— EXERCISE —
At the line that holds "Decorative Hanging Props", start repeating, and keep going exactly through the final line of the material; include both ends and skip the pictures.

— SUPPLIED INFORMATION —
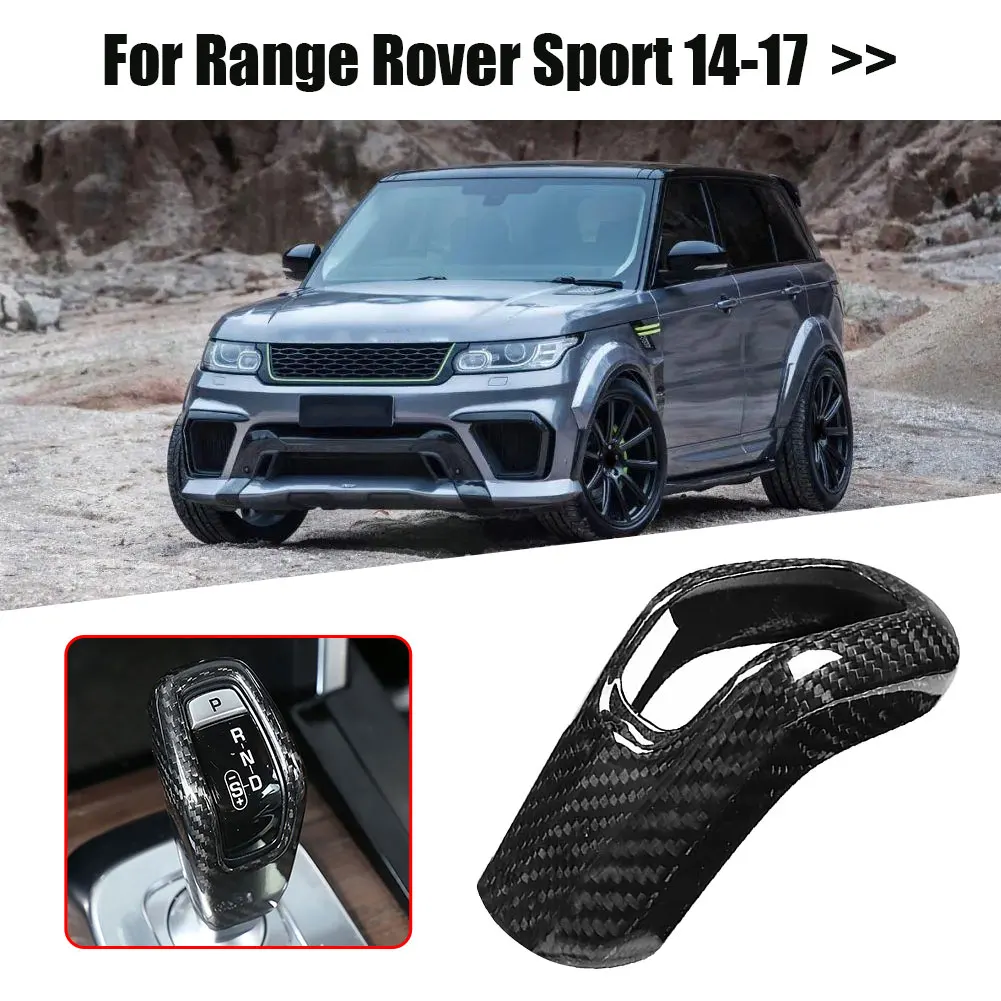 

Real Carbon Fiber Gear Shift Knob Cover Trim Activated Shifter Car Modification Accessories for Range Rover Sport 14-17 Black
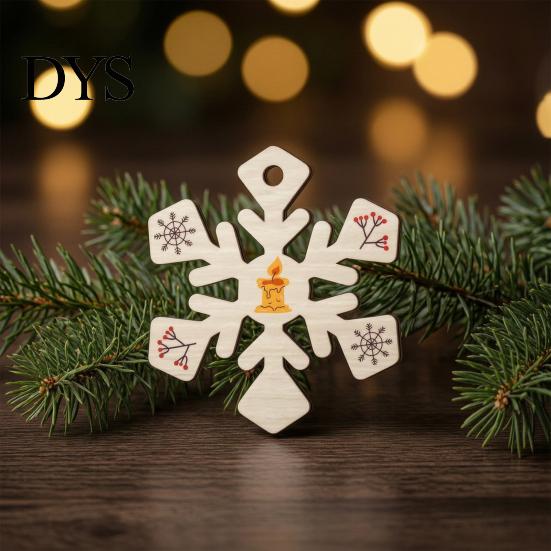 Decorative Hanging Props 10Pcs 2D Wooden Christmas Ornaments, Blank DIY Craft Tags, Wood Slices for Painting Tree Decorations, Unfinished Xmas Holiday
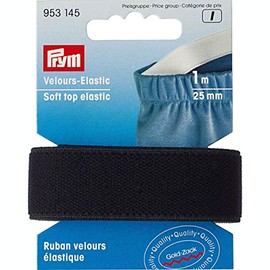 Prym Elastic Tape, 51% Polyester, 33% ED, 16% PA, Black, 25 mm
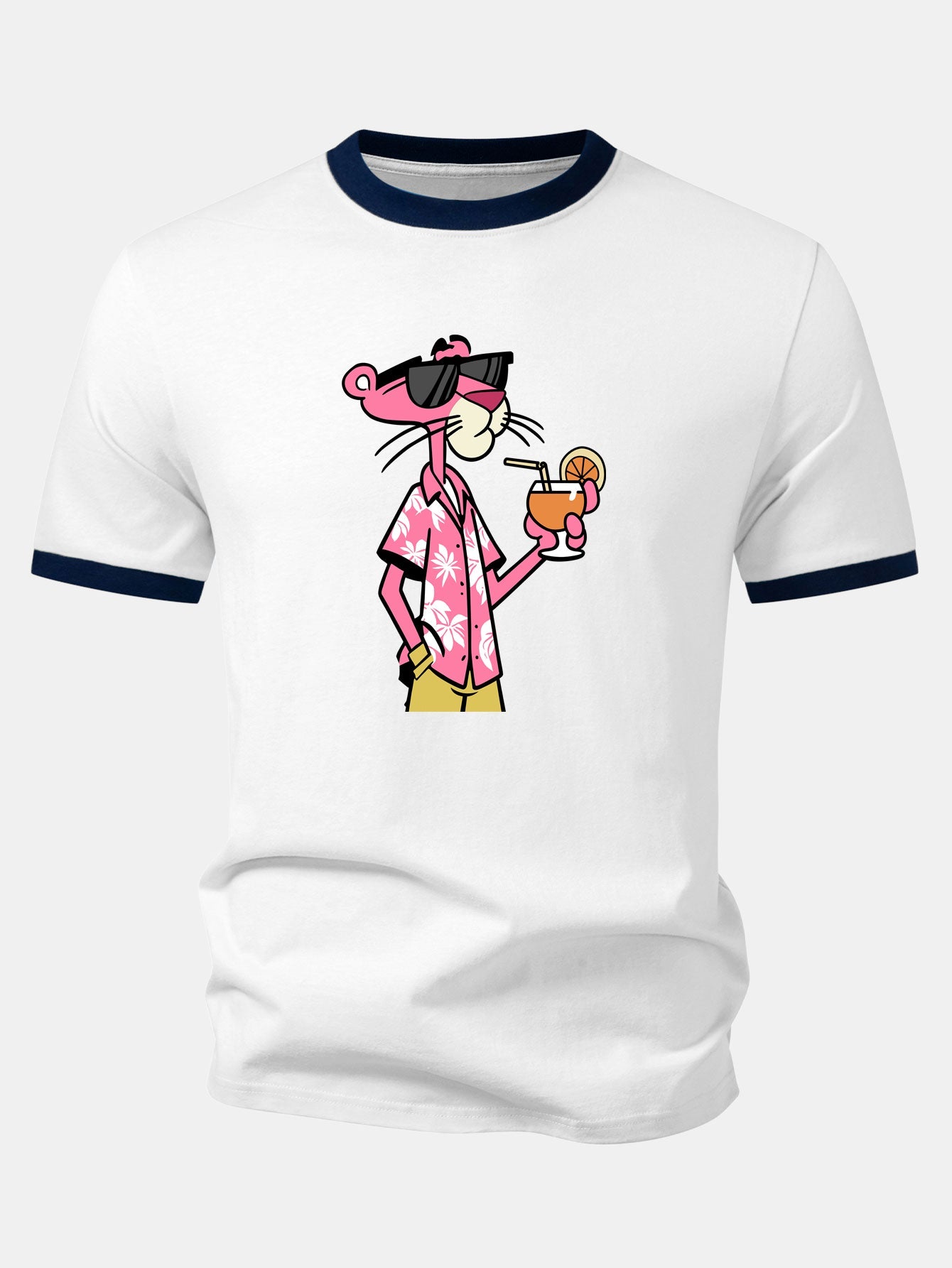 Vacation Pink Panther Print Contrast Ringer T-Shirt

— EXERCISE RESULT —
 Decorative Hanging Props 10Pcs 2D Wooden Christmas Ornaments, Blank DIY Craft Tags, Wood Slices for Painting Tree Decorations, Unfinished Xmas Holiday
 Prym Elastic Tape, 51% Polyester, 33% ED, 16% PA, Black, 25 mm
 Vacation Pink Panther Print Contrast Ringer T-Shirt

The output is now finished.